Recently allegations have been made that Texas lowered the bar for students to pass this year's Texas Assessment of Knowledge and Skills in order to get better results for political or other purposes.
State Education Commissioner Robert Scott told the Austin American Statesman that those allegation aren't true.
The number of questions students must answer correctly to be considered as having mastered the test varies from year to year depending on the difficulty of the questions.
This year, the standards were lowered. The passing standard for the eighth-grade social studies exam, for example, was 21 of 48 questions, or 44 percent correct, the Houston Chronicle reported in its Tuesday editions. Last year, the passing standard was 25 questions, or 52 percent correct.

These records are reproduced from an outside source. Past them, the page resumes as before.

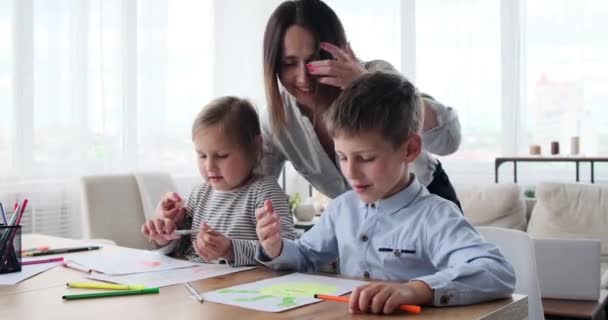 Matka pomáhá dětem kreslit na papír — Stock video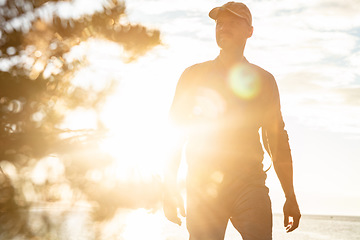 Image showing Theres something new around every corner. a man out for a hike on a coastal trail.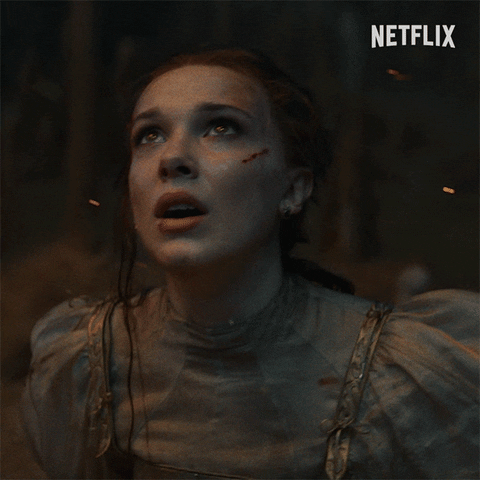 Movie gif. Millie Bobby Brown as Princess Elodie in Damsel. She's in a forest and embers fly all around her. She has cuts on her face and she pants as she looks around, horrified, staring up at the sky with wide eyes.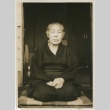 A woman seated in a doorway (ddr-densho-296-18)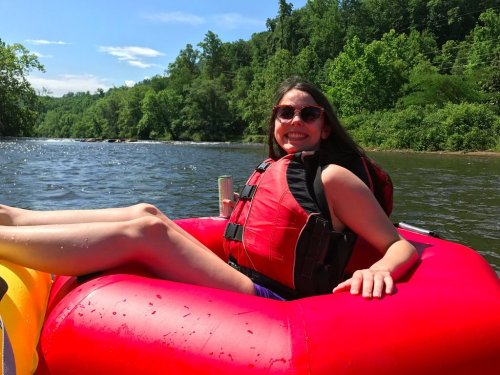 A smiling woman in a red life jacket relaxes on a float in a river, surrounded by lush green trees.
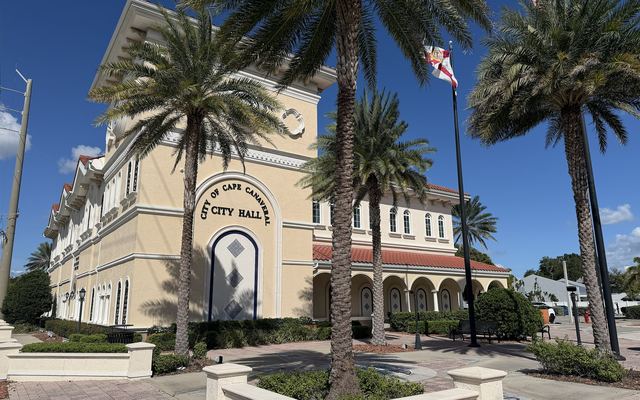 Cape Canaveral City Hall, a cream-colored building with arched windows, a red tile roof and the words City of Cape Canaveral City Hall above a tall arch, framed by tall palms and a Florida flag under a blue sky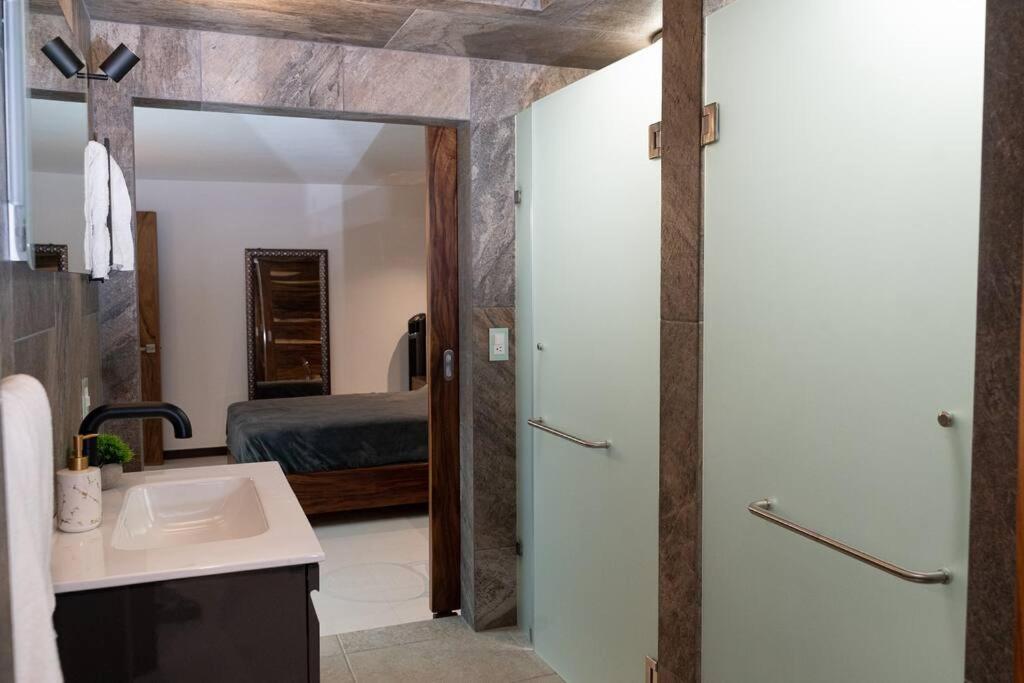 een badkamer met een wastafel, een douche en een bed bij Árbol de Guanacaste in Zitácuaro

The paper quoted state Rep. Mike Villarreal, D-San Antonio, as calling on Gov. Rick Perry, who is up for re-election this fall, and the Texas Education Agency to explain and "assure parents that there aren't political games being played."
Public school students in grades 3 to 11 take the TAKS annually in reading, math, science and social studies.
Students must pass the fifth- and eighth-grade exams to be promoted to the next grade, and students must pass an exit-level exam to graduate from high school.
To make sure the test difficulty is maintained, Scott said, the agency has its testing contractor, Pearson Education, conduct field tests to determine question difficulty and follow a standard statistical process to determine the number of questions students need to answer correctly.
That so-called cut score is then verified by a San Antonio-based psychometric company called eMetric and again by agency officials, Scott said.
The Houston Chronicle article, which was based on an analysis of Texas Education Agency data over the past three years, quoted several state lawmakers, statisticians and superintendents who cast doubt on this year's gains.
The article said the biggest drops in passing standards were for the eighth- and 10th-grade social studies exams.
Robert Linn , a past president of the American Educational Research Association and a professor emeritus at the University of Colorado, was quoted as saying, "If I were designing the test, I would like to have some questions that were not quite as challenging so the students have a higher likelihood of getting them right."
Scott said he is confident in the test and in its results and said that all districts should be, too.